Maintenant, ici, ou ailleurs.
Il est plutôt rare d'avoir du cinéma d'auteur made in US, mais heureusement Sofia Coppola est là depuis plusieurs années pour combler le manque en provenance de ces contrées. On l'avait applaudi pour Virgin Suicides, puis Lost in Translation, et finalement légèrement boudé avec Marie-Antoinette. Pour sa défense il sera bon de rappeler que ce dernier était un film à gros budget, domaine dans lequel elle ne s'épanouit pas, étant bien plus à l'aise dans les microcosmes à trois sous.
Bonne nouvelle, Somewhere est un retour direct au genre dans lequel on l'aime, et même s'il n'égale pas ses premiers films pour ce qui est des dialogues, se démarque par un style narratif qui illustre parfaitement l'expression « les actes sont plus forts que les mots ».
Lumière, et ensuite deux minutes où l'on voit une Ferrari faire des tours de circuits. On s'ennuie, mais immédiatement l'idée générale suinte littéralement de l'écran, et en devient presque palpable. Sofia veut nous faire ressentir l'ennuie du protagoniste, tout en réussissant habillement à nous faire trouver un intérêt dans cet ennui.

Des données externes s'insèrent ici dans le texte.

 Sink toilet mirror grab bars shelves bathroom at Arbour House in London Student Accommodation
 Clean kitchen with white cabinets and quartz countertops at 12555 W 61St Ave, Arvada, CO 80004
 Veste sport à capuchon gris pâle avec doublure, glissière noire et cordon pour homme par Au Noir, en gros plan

Johnny Marco (Stephen Dorff) est un acteur relativement connu, mais est blasé par tout. Que ça soit par sa voiture de luxe, ses soirées arrosées ou encore les strip-teases quotidiens exécutés dans sa chambre par deux superbes jumelles. Cependant l'arrivée de sa fille de 11 ans, Cleo (Elle Fanning), sera le déclic qui le poussera à reprendre sa vie en main.

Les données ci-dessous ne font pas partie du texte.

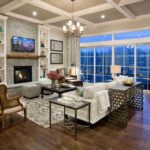 modern-living-room-with-a-white-brick-fireplace-as-the-focal-point-two-elegant-armchair-with-light-colored-and-dark-wood-frame-on-a-wall-and-a-white-color-sofa-and-a-coffee-table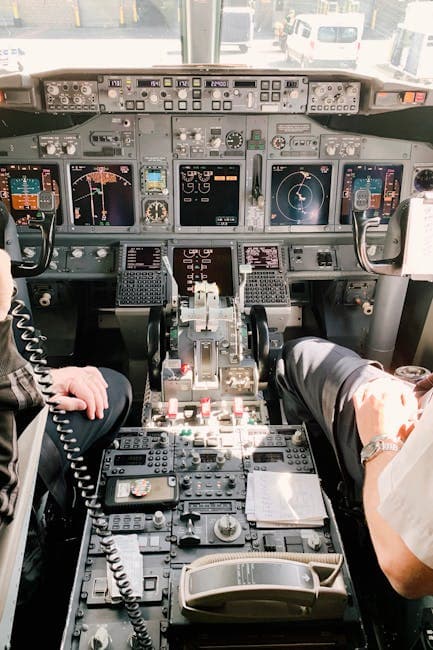 View of a commercial airplane cockpit with two pilots handling the controls, ready for flight.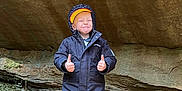Asher James K Sabat is registered to the contest to win money with this photo: bodypart, boy, cap, child, clothing, coat, face, hat, head, hood, jacket, jeans, male, pants, person, photography, portrait, rock, soil, standing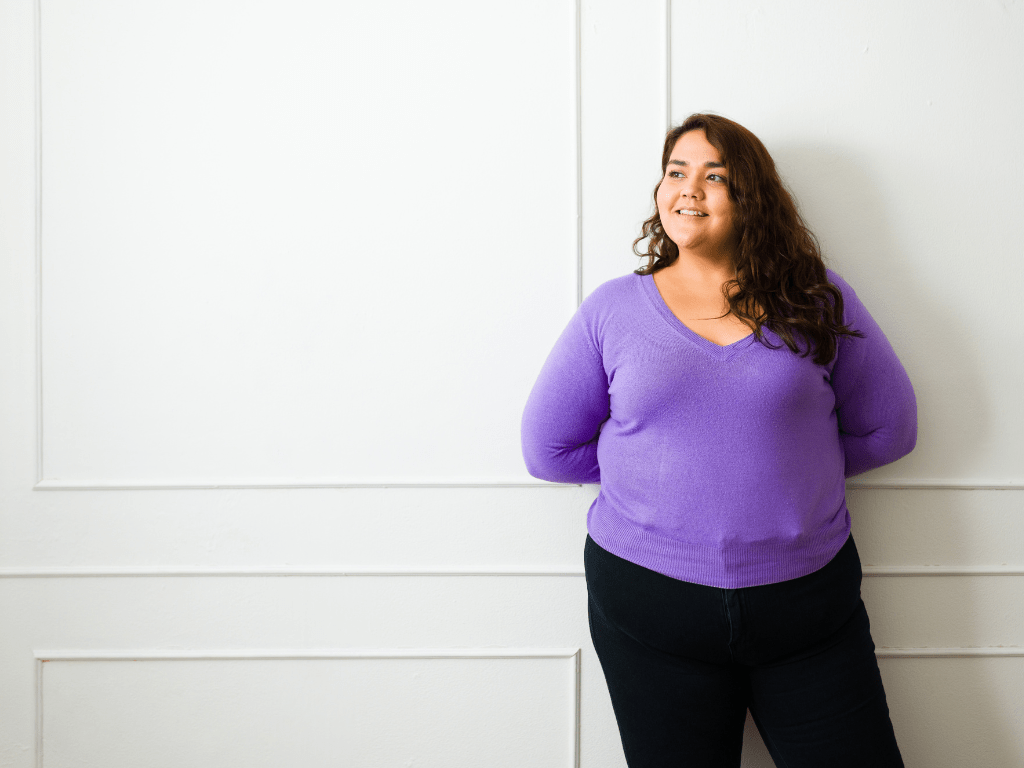 Frau steht ruhig vor einer weißen Wand und blickt zur Seite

Sofia nous passionne, et démystifie le stardom, et on sent presque la mise en abyme, Stephen Dorff n'ayant pas l'air d'avoir été choisi par hasard. Rappelons le, Stephen avait crevé l'affiche grâce à son interprétation du sale petit fumier dans Blade, il y a un dizaine d'années, avant de sombrer dans des productions de plus en plus piteuses, dont le très mauvais Alone in the Dark. Stephen revient donc ici dans un rôle qui le remet sur le devant de la scène, et nous bluffe bien plus que l'on aurait pu s'y attendre. Elle Fanning n'en est pas en reste, et suit des traces bien meilleures que celles laissées par sa grande soeur (Dakota).
Bref, Somewhere est une véritable réussite en ce début d'année, et réussit à se montrer hypnotique et passionnant, malgré sa quasi absence de dialogues, qui sont cependant soutenus par une bande-son de très bon choix (en particulier grâce à la présence de Phoenix, figurant déjà sur les BO des précédents films de Sofia), ainsi que des décors et plans toujours dirigés de main de maître.

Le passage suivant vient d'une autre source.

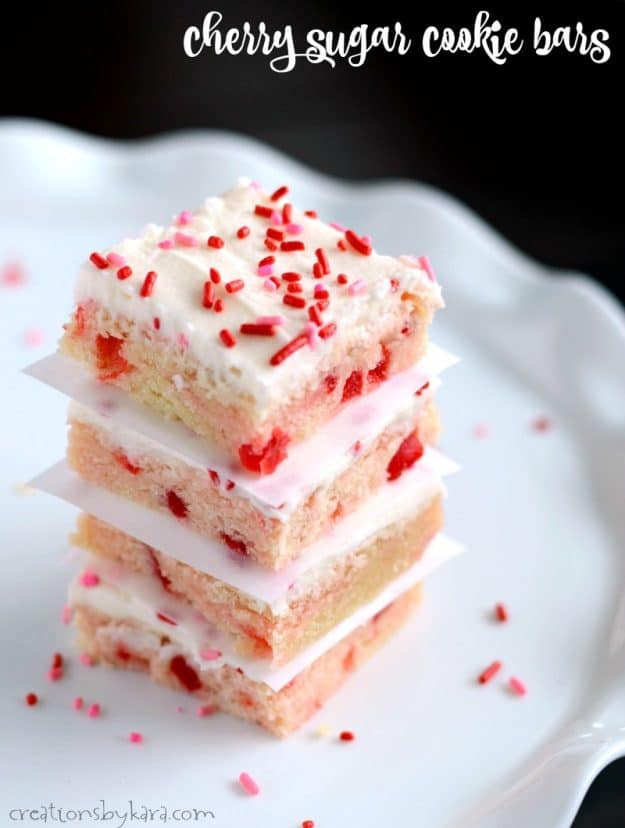 stack of cherry sugar cookie bars on a tray
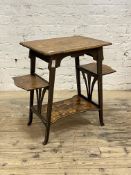 An Edwardian mahogany occasional table, the top with moulded edge decorated with similated floral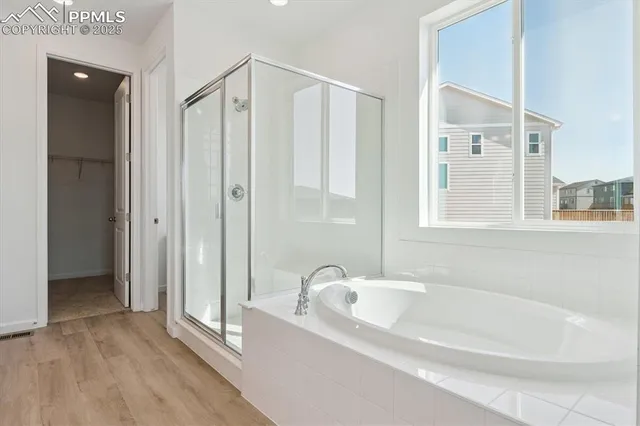 a bathroom with a bathtub and a shower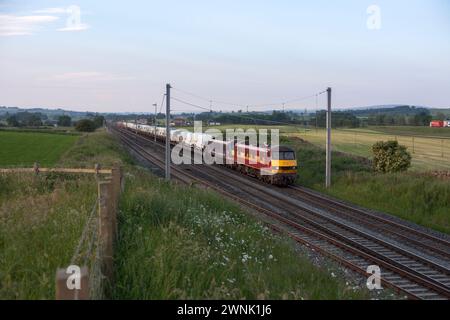 Un treno merci DB Cargo trainato da 2 locomotive elettriche classe 90 che trasportano nuovi veicoli a motore Ford passa Plumpton sulla linea principale della costa occidentale Foto Stock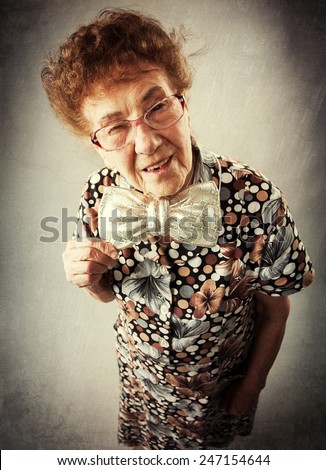 Merry old woman. Happy fun granny. Adult funny female on party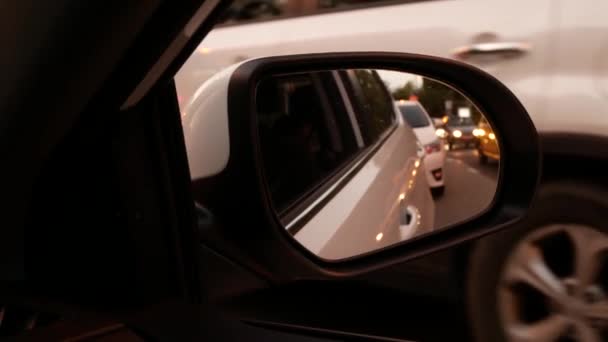 Conduciendo de noche. La vista desde el coche en el espejo retrovisor lateral mientras conduce a través de la ciudad nocturna. luces borrosas de la ciudad. 4k — Vídeos de Stock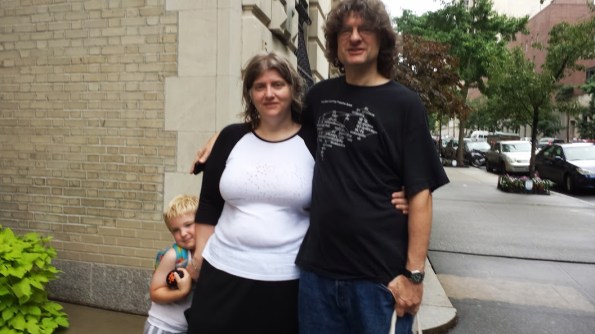 An unflattering yet adorable picture. You can see we're both instructing our 11-year-old on how to take a picture and our 4-year-old is squeezing in too. He's not shy.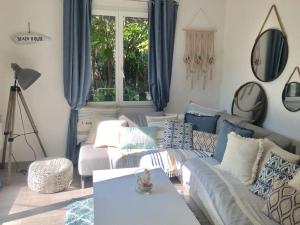 a living room with a couch and a table at Cap d'Antibes 50m from the beach 3 bedrooms/Pool in Antibes
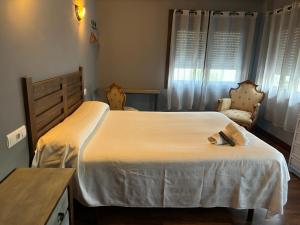 um quarto com uma cama grande e uma cadeira em Bakiola em Arrankudiaga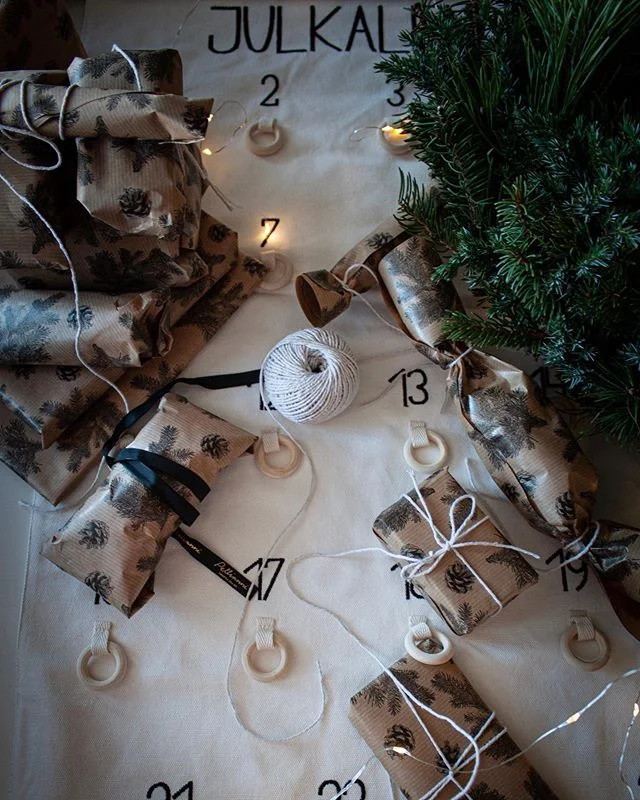 Advent calendar beside greenery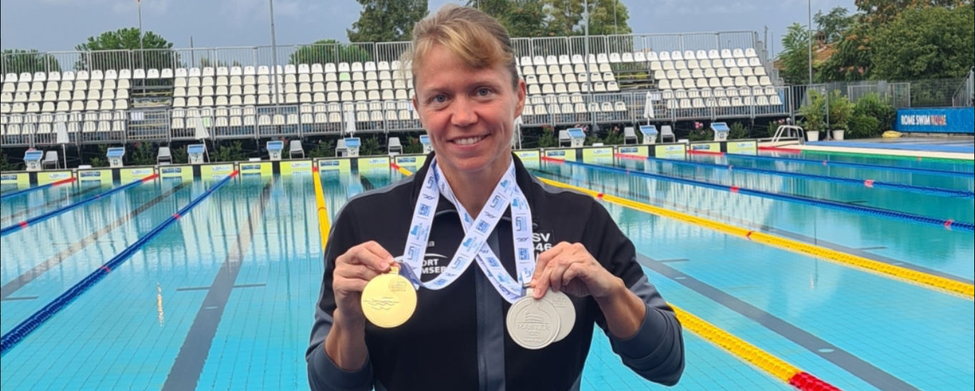 Schwimmerin am Beckenrand hält Gold- und Silbermedaille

Pour conclure, si vous êtes prêts à vous immerger dans une farandole de non-dits toujours soutenus par une poésie imagée et envoûtante, microcosme de plaies ouvertes et instants magiques, il serait un crime de passer à côté. Somewhere peut également se prévaloir d'être l'antithèse d'un idéal qui croyait aller plus loin et plus vite en appuyant toujours plus fort sur le champignon.
Mention spéciale pour la scène du masque de gomme que font les maquilleurs à notre protagoniste, masque étouffant, scène claustrophobique, personnage suffoquant, illustration suprême d'un homme pétrifié dans une machine dont il ne peut — mais voudrait — s'extirper.